O príncipe é um representante desse segmento.  Liza passa a alimentar uma aversão pelo herói.  O príncipe é um nobre. Há uma imanência superior que encanta a todos. Tchulkatúrin percebe-se. Mira-se. Sabe da sua condição. Avalia a paixão de Liza pelo príncipe. Colhe a inimizade da família. Afasta-se. A jovem Lizavieta nutre expectativas. Mas o príncipe volta para São Petersburgo. Com a partida do príncipe, Tchulkatúrin enxerga uma possibilidade de reconciliação. O surpreendente acontece – a família (o pai e a mãe) da jovem o recebe de volta. Todavia, Liza o humilha. Ela nunca estivera interessado por ele. A percepção de Tchulkatúrin era falha, inadequada. 

Turguêniev escreveu o “Diário” por volta de 1850. A censura cortou algumas afirmações da obra. Eram os tempos de Nicolau I. A Rússia não havia se libertado da censura. Apesar das mudanças no âmbito da cultura, havia uma forte vigilância na vida social. Um abismo enorme separava o povo da aristocracia que liderava o país. Uma população camponesa, estava mergulhada na miséria e no servilismo histórico. Uma das áreas em que havia uma relativa liberdade era a literatura. A literatura, desse modo, passou uma área de experimentações, de vocalização, de afirmar um modo de ser.

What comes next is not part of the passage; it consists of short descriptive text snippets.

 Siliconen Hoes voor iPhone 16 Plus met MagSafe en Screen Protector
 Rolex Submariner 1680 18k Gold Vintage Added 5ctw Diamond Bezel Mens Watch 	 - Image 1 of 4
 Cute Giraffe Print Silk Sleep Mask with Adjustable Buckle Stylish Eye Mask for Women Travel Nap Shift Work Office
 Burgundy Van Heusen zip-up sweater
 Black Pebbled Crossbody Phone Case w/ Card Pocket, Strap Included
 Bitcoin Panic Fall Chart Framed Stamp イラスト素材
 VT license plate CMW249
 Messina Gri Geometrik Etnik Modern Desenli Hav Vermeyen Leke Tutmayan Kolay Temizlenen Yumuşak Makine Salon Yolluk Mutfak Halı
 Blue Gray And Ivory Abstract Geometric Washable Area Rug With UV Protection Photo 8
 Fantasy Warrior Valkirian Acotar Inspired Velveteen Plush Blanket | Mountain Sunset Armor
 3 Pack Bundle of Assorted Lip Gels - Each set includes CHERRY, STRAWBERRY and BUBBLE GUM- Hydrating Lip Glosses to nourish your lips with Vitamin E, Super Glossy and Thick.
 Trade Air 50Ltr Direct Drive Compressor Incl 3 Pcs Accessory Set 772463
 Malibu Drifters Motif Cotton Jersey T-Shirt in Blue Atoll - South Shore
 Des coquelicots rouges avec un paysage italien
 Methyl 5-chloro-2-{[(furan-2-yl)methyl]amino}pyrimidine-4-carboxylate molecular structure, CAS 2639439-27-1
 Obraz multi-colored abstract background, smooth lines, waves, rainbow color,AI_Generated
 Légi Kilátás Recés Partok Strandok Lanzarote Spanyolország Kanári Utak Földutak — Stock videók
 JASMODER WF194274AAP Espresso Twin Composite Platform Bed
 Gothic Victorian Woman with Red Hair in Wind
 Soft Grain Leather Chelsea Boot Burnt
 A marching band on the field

                O “Diário” é, do ponto de vista político, um importante retrato de uma Rússia inerme, angustiada por causa da camisa de forças que foi colocada sobre ela. O homem supérfluo é o sujeito fraco. Impossibilitado dos grandes feitos. É o astro sem céu para brilhar. É a inteligência afiada sem céu possibilidade de torná-la executável.